I've been a fan of Karen Maitland for a couple of years now, and I absolutely LOVED her last book, The Gallows Curse
, which in my opinion was (and is) her best so far. As a result, I had exceptionally high expectations for this one, so I suppose it's not entirely surprising that, although I really liked it, I ended up feeling a little disappointed. Maitland's skill for really bringing her settings to life is sometimes a disadvantage here as the circumstances and backdrops all seem so depressing. As far as the characters went, I liked Isabela but didn't feel a strong connection with her, and I didn't particularly like or trust Ricardo throughout the book. There's a twist regarding his character right at the very end, but because I'd already developed a negative attitude towards him, this didn't really surprise or shock me. I'd also guessed the sisters' secret well before it was revealed. This isn't to say that these twists aren't executed well and exciting to read, they're just not very hard to figure out if you're concentrating on the story.

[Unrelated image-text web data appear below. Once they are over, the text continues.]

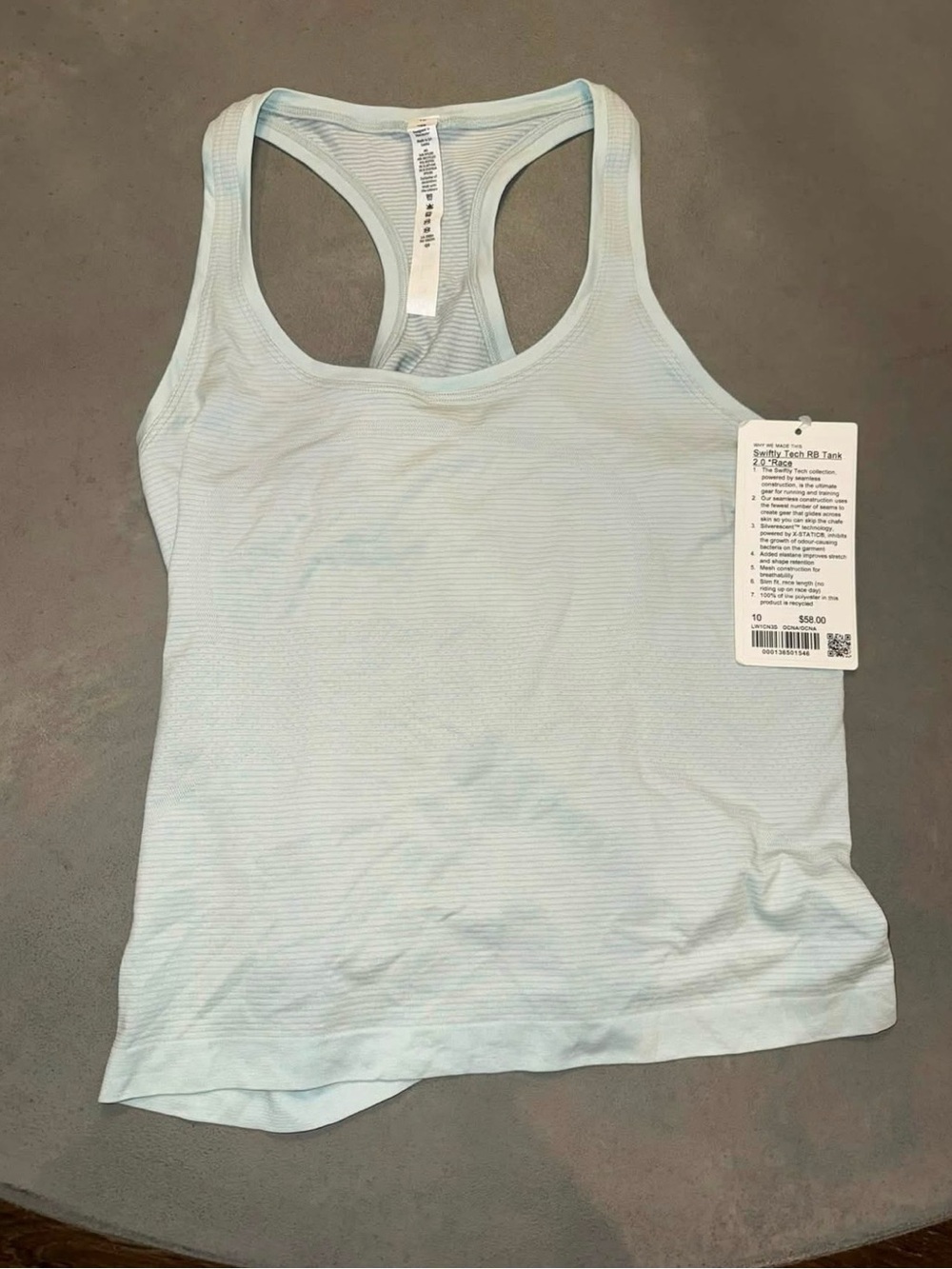 lululemon athletica Pale Blue Racerback Tank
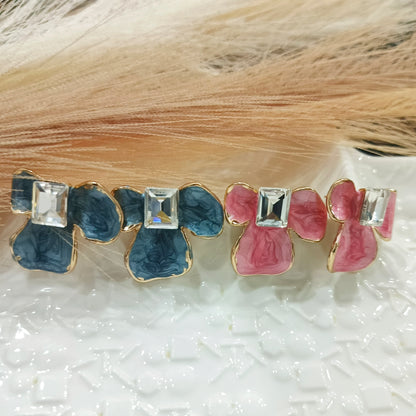 Square Crystal Leaf Design Earrings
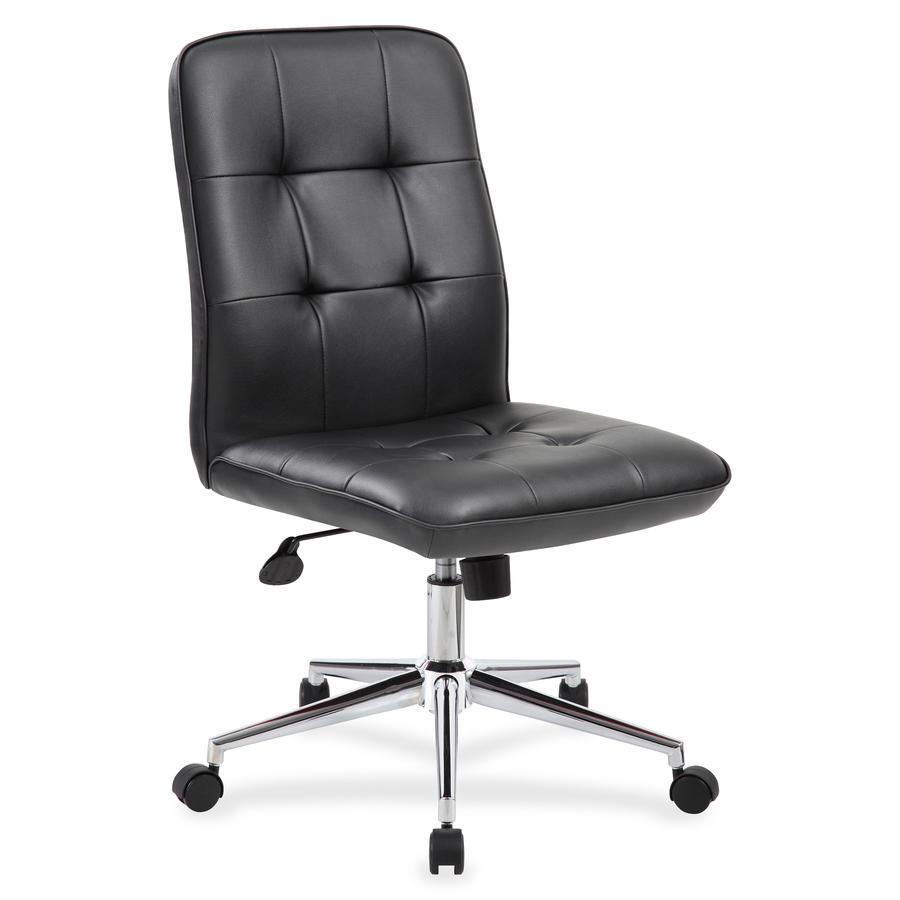 Boss Modern B330 Task Chair - Black Vinyl Seat - Chrome, Black Chrome Frame - 5-star Base - Black - 1 Each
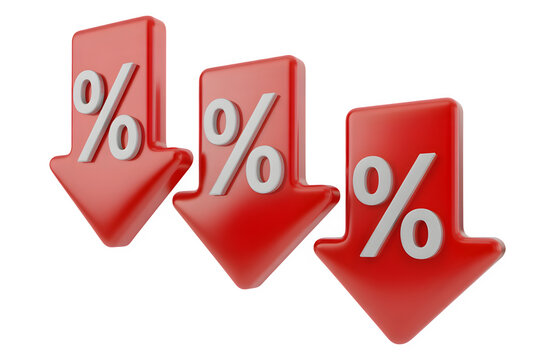 Falling percentage arrows red symbol of decrease and low rates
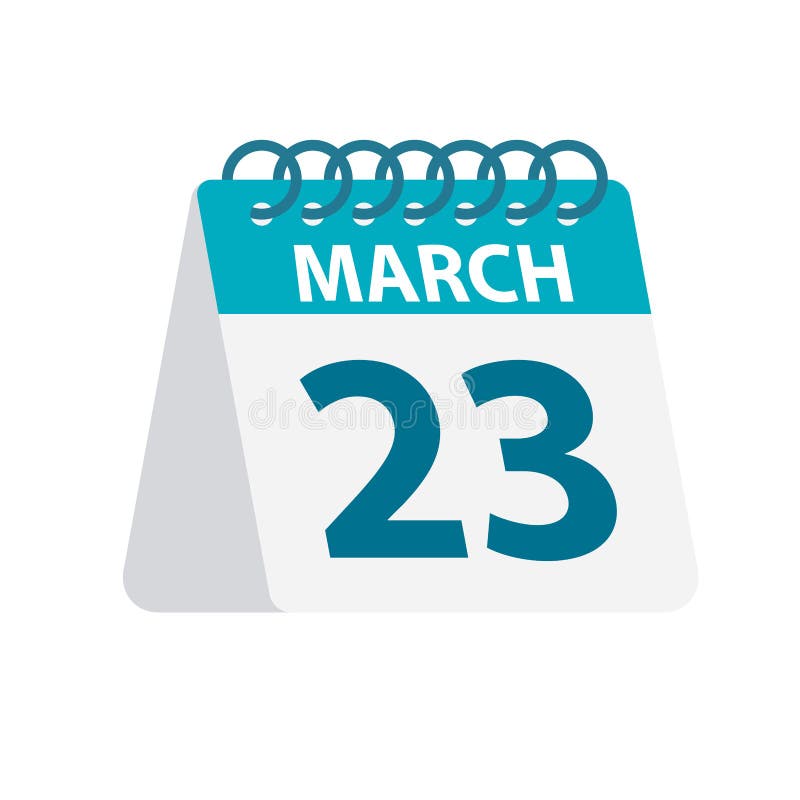 March 23 Calendar Icon Vector Illustration of One Day of Month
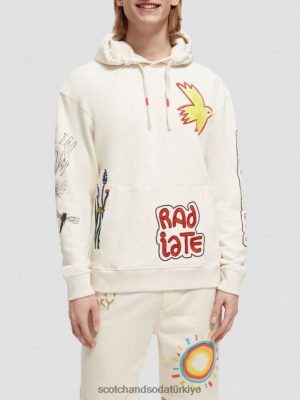 Scotch & Soda Türkiye | Scotch & Soda Rahat Fit Artwork Hoodie erkekler F4B4N548 Beyaz kapalı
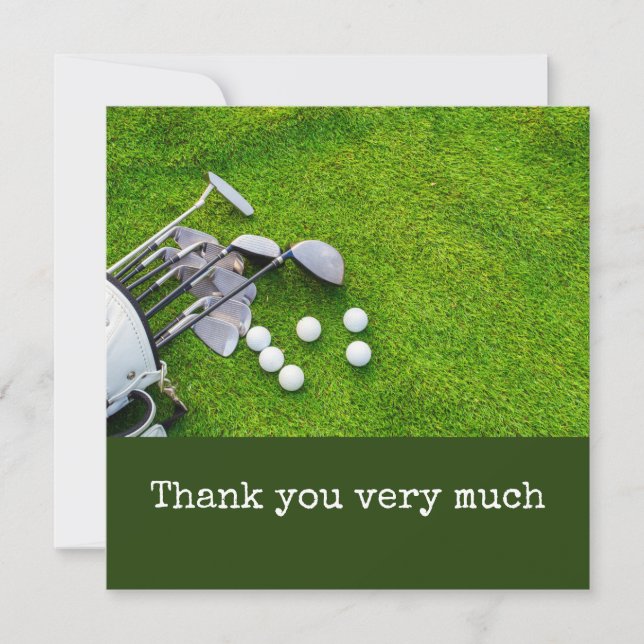 Golf  Thank you card with golf club ball bag  (Front)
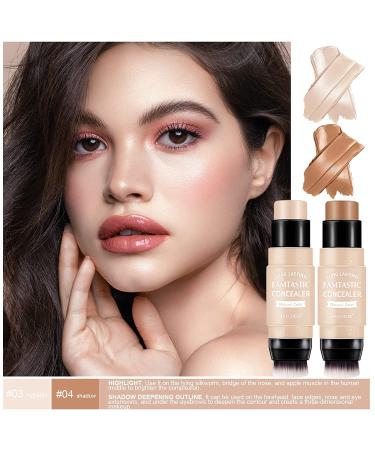 ONLYOILY Contour & Highlighter Stick Duo - Longwear Foundation & Bronzer Stick Set with Brush | Smooth, Easy Blending Face Makeup - Buy Online on GoSupps.com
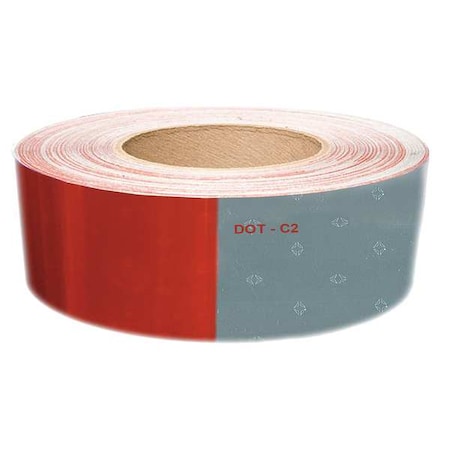 Reflective Tape, W 2 In, Red/White MPN:18820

When a fairly prolific author writes a book you absolutely adore, the risk is that nothing they produce afterwards will ever quite
live up to it, even if you still love everything they do. This happened to me with F.G. Cottam and Dark Echo
, and it looks like The Gallows Curse
might be the Maitland equivalent. The main thing wrong with The Falcons of Fire and Ice
was simply the fact that it wasn't The Gallows Curse
. I enjoyed it a lot and it made for a great, absorbing holiday read, but the characters didn't leave much of an impression on me at all. Writing this review some months after reading the book has given me a different perspective on it, and I'm finding that my main memories are a) a vivid impression of the bleak Icelandic landscape and b) the fact that I didn't like Ricardo! I'd say it's on a par with her earlier novels rather than displaying the progression I expected: recommended, but not the author's best.